Confusingly, the shortcut Ctrl+P may mean print, previous, or project. Furthermore, users' native tongue, keyboard, or keyboard layout may differ; these differences affect the intuitiveness and sensibility of the shortcut.

That is, more generally, semantic hotkeys are more resilient to any changes of the Human Computer Interface itself.

  • Example: Changing the keyboard layout from QWERTY to DVORAK or changing the keyboard language from English to Deutsch will not change the meaning or position of the shortcut.
  • Example: Replacing the keybord with, say, gloves that have acceleration, orientation, etc. tracking could still yield similar “shortcuts” in whatever form they exist

Lastly, Incorporating these shortcuts encourage interface designers to thing about making UI paths more explicit and cohesive, eventually improving UX.

Implementation

An implementation may start by creating a program that outputs application-specific hotkey configuration (binding key to action) from a common configuration file.

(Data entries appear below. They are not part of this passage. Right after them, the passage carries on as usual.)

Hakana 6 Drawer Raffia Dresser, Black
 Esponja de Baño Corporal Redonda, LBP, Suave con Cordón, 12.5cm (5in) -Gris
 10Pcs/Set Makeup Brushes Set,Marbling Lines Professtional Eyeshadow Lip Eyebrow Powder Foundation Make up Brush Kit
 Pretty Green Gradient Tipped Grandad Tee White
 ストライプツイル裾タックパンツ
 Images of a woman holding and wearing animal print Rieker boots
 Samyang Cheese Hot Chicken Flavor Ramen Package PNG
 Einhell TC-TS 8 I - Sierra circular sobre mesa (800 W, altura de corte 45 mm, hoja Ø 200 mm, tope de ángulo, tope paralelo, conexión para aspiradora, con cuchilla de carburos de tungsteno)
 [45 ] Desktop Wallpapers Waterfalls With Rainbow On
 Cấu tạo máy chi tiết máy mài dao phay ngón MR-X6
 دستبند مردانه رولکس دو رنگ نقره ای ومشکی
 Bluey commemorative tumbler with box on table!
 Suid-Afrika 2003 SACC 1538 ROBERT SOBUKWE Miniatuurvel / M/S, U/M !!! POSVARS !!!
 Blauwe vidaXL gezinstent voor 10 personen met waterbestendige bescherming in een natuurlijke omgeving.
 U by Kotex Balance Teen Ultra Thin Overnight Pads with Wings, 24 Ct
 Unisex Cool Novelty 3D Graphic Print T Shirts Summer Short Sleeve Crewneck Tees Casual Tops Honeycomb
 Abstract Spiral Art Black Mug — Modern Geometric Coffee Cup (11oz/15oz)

A reasonable implementation assumes that each applicable application supports:

  • Custom mapping from hotkey to action
  • Chorded hotkeys

The keys h, j, k, l are a great starting point - they correspond to directions. More specifically, they move a cursor, selection, or item directionally within a particular context. For example:

  • in a Terminal Text Editor, it may move a Cursor within a Buffer
  • in a Window Manager, it may move a Window within a Virtual Desktop
  • in a Terminal Multiplexer, it may move a Pane within a Window

We can generalize to include the following actions:

  • Selection navigate within context
  • Selection move within context
  • Selection move to new context
  • Context navigate relatively
  • Context move relatively

There are some other challanges:

  • Contexts can sometimes treated as sections (sometimes simultaneously)
  • Semantics may need to be more fine-tuned to fit into concrete categories
  • Applications shortcuts may nest
    • A terminal app (raw mode) may be within the contest of a graphical terminal emulator, a terminal multiplexer, and a TUI interface to a virtual machine manager (ex. QEMU Monitor)
  • Applying this systems to programs with slightly different behaviors

This blog post mainly exists to explain the problem and solution - I don’t have a full “semantic shortcut system”. But, applying such a system will undoubtedly improve productivity, at least for me. I’m doing some preliminary work at github.com/semantic-hotkeys to apply this idea to everyday applications and websites. When its ready, you may find it useful, or employ a similar system in a program of your own.